Exercise = Could you repeat the listing below exactly while leaving its pictures behind?

Dataset excerpt =
· · · ·
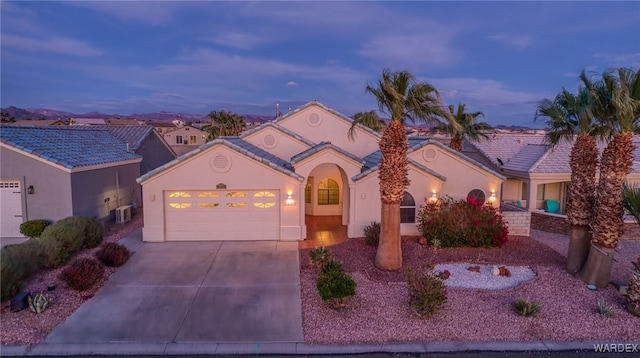 mediterranean / spanish home with cooling unit, an attached garage, stucco siding, concrete driveway, and a tile roof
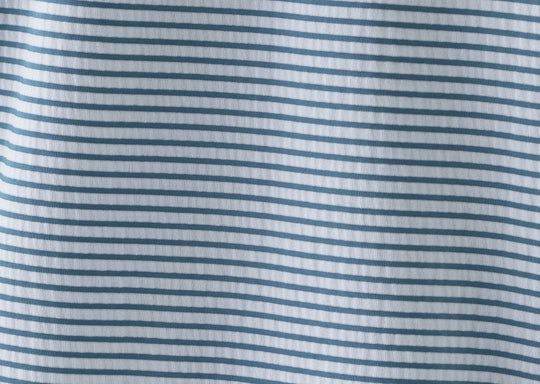 Close up detail shot of the texture on our tech varsity slim fit boxers with green stripes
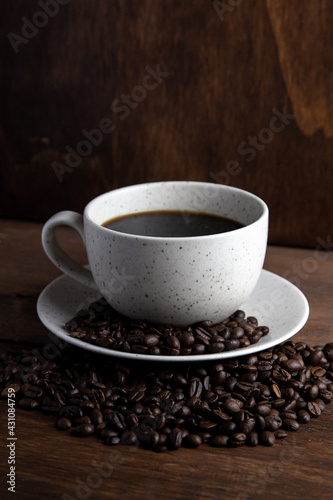 Coffe cup with milk and coffee grains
· · · ·
Task output =
 mediterranean / spanish home with cooling unit, an attached garage, stucco siding, concrete driveway, and a tile roof
 Close up detail shot of the texture on our tech varsity slim fit boxers with green stripes
 Coffe cup with milk and coffee grains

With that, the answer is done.